The tutorial should teach you basic cursor movement, how to abort an Emacs command, Emacs windowing, the relationship between buffers and files and so on. Probably the most important thing to remember from the tutorial is the movement keys are usually a given key (F for forward) with different modifiers for different ranges. For example, Ctrl-F moves one character forward, and M-F moves a word forward (M- is Emacs notation for Meta, which on most keyboards means the Alt key).

Emacs existed long before web browsers, so it uses the term frame for what X calls a window, and window for a section within a frame. As this is an Emacs article, this article uses Emacs terminology. To display a new window with a horizontal split, use Ctrl-X 2. For a new window with a vertical split, use Ctrl-X 3. Whereas Ctrl-X 5 1 gives you a whole new frame to play in, Ctrl-X 0 and Ctrl-X 5 0 kill off the current window and frame, respectively.

Another highlight of the tutorial is an introduction to Emacs' incremental search commands. They make life much easier, so learn and remember them.

Ctrl-H is the gateway to Emacs' help system. Pressing Ctrl-H ? gives you a menu for different parts of the help system. The Info system (Ctrl-H I) gives you access to FSF documentation in FSF's Info format. A form of hypertext that predates the World Wide Web, it is arranged in a tree structure. You also can go to an Info node for an Emacs function with Ctrl-H Ctrl-F. This section provides information on the current major and minor modes (more on those in a moment), the warranty and license under which Emacs is provided and other information. Because Emacs' help system is displayed by Emacs, the cursor movement keystrokes you learned in the tutorial apply to the help system.

Getting in the Mode

According to the top Emacs info page, Emacs is the extensible, customizable, self-documenting, real-time display editor. It is extensible because it is written in Emacs Lisp, or elisp, a dialect of Lisp especially customized for Emacs and text processing. You therefore can extend Emacs by writing code in elisp. Furthermore, you can customize it by changing the values of existing elisp variables. Self-documenting might be a slight exaggeration, but elisp does encourage programmers to document. And as we've seen, there is extensive help available.

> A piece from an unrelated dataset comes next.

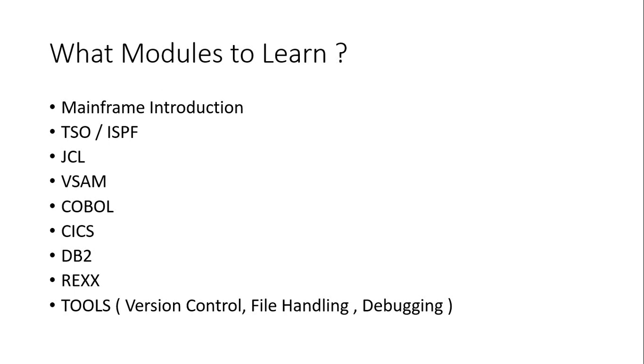Then there will be JCL, VSAM, COBOL, CICS, DB2, REXX and other tools.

Users also can customize Emacs by adapting it to specific applications. Do this by switching to what is called a major mode. Only one major mode can be active in a buffer at a time, but you can switch major modes on the fly. For example, when writing CGI scripts it is useful to toggle between Perl mode and HTML Helper mode.

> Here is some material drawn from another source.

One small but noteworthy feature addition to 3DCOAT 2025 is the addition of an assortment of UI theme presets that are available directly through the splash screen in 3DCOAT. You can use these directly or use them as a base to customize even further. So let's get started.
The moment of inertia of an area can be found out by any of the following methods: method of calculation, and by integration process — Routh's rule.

To identify the current modes active in a buffer, see the mode line. In parentheses you will find one or more modes, with the current major mode listed first. Not all minor modes identify themselves in the mode parentheses, but their action is obvious, such as Column Number mode.

Major Modes

Major modes are generally associated with file extensions. A Lisp variable, auto-mode-alist, does this association, and we'll show you how to add to it. Emacs also recognizes associations with shebang entries in the first line of scripts, like this one for Perl:

#! /usr/bin/perl

And you can always force the mode in the first line of a document by surrounding it with -*-, like this:

# -*- shell-script -*-
To switch manually from one major mode to another, use M-X mode-name. For example, M-X perl-mode puts Emacs into the major mode for editing Perl.

Major modes provide a number of useful facilities. They usually provide custom indentation and pretty printing options suitable to the subject at hand. There is often some way to insert a comment with a short key sequence. A region of text can be commented out with M-X comment-region. One advantage of using Emacs for all your editing is the functions (and their keystrokes and menu entries) available in one major mode tend to be available in another, so if you know how to edit C in Emacs, you probably can edit SQL in Emacs as well (Figure 1).

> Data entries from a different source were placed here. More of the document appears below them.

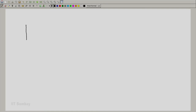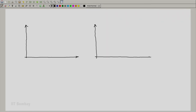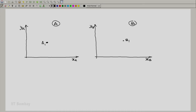In the first part we said that at least one state exists between two systems such that the pair would be isothermal. Consider system A with state space represented by xA, yA, and system B with state space xB, yB. The first part says that for a fixed state A1 of system A, there is at least one state in the state space of B, say B1, which is isothermal with it.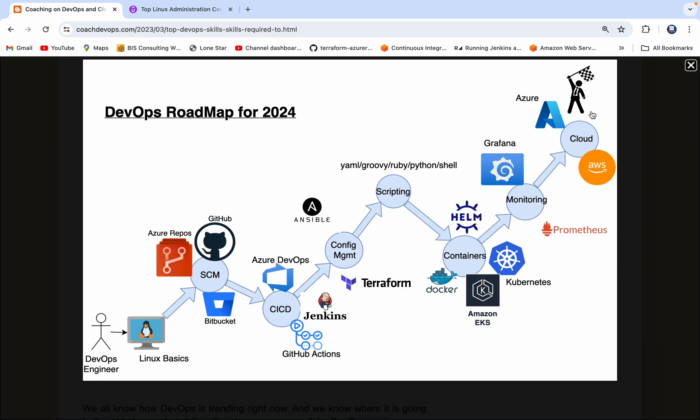And the last but not the least, you need to have at least two cloud platform knowledge. It could be AWS Cloud, Azure Cloud, or Google Cloud. At least two cloud platform knowledge you need to have.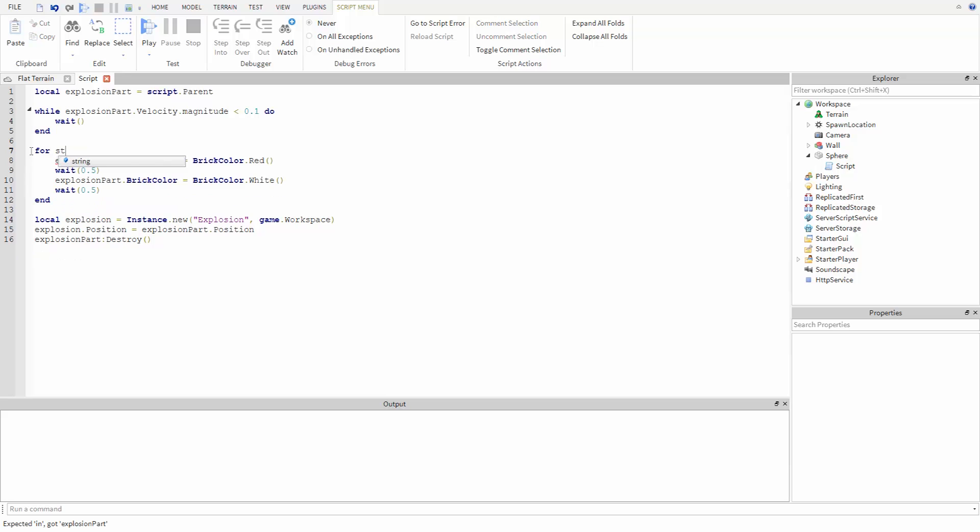Now with for loop, you first type for, then a variable name you want to use as a counter, then the value you want the variable to start at. Note that we don't need to use the local keyword when we're creating a for loop.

Getting Started with Emacs

Figure 1. C mode in Emacs, showing font locking (color syntax highlighting). The indenting is courtesy of C mode.

Major modes typically provide what Emacs calls font locking, a feature everyone else calls syntax coloring. It automatically associates syntax with colors. For example, comments show up in red, data types in green and strings in a light red. Another advantage of editing with Emacs is that color associations operate across modes, so comments are red regardless of whether you are working in assembler or XML.

Major modes redefine how keystrokes operate, usually the Tab and Delete keys. Also, major modes have mode-specific commands accessed with the prefix Ctrl-C. For example, to validate an SGML document in PSGML mode, use Ctrl-C Ctrl-V.

One of the most powerful major modes around is Lennart Staflin's PSGML mode (see Resources). It facilitates inserting SGML or XML tags and provides automatic pretty printing comparable to C mode. PSGML mode has font locking and other goodies, but it also reads the DTD and uses it to enforce proper tag nesting. For example, in DocBook, it won't let you insert a <sect4> directly into a <sect1>. It also is a front end for a validator (Figure 2).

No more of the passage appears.